The mob boss bolted up in bed. “What the fuck you talking about?” His lips flapped and spit flew he was so excited.
“Don’t give me that shit. You sent your goons after Varga. They found his first hiding place, but they won’t do it again. We don’t intend to lose him to your guinea vendetta ethics.”
“Bullshit! Bullshit! Bullshit!” Giovinazzo kept repeating himself, his face getting redder and redder.
“We know it was your guys who attacked the house in Ohio. Fortunately Varga didn’t get hurt. He’s been relocated, buried even deeper this time. But I’m putting you on notice. Call off the dogs or you’ll be facing a few more serious charges.”
“You’re full of shit!” Giovinazzo screamed.
“Come off it. Your two boys came close, but they blew it. They got into the house, but they didn’t make it to Varga.”
“They weren’t mine, that’s for sure,” Giovinazzo said, gumming the words. “I’d never send just two men after that fat fuck Varga. Not with that crazy Nazi of his.”
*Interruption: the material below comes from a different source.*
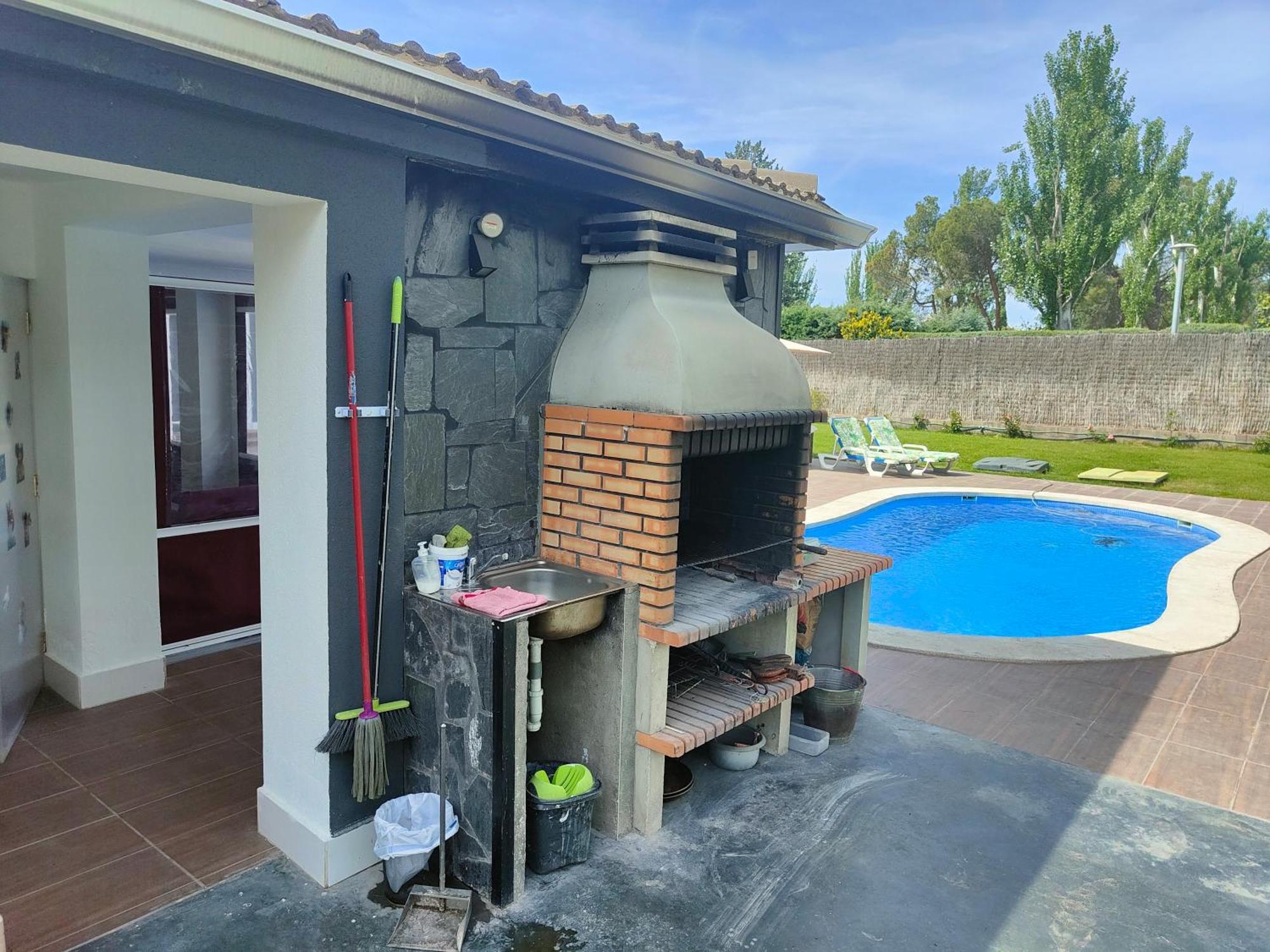 Chalet Con Piscina Y Jacuzzi En Madrid Alquila Habitaciones Algete Екстериор снимка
“What Nazi?” Gibbons screwed up his face.
“His bodyguard, you fucking idiot. Varga never goes anywhere without him. At least he never used to.”
“You mean the Hun?”
“Who else? He’s crazy. Nothing he won’t do if Varga tells him to.”
“You think the government is paying to keep his bodyguard under witness protection. Wake up, will ya?”
“You wake up!” Giovinazzo yelled. “Varga goes nowhere without Pagano. And you guys better watch yourselves. He’ll cut the eyes right out of your head.”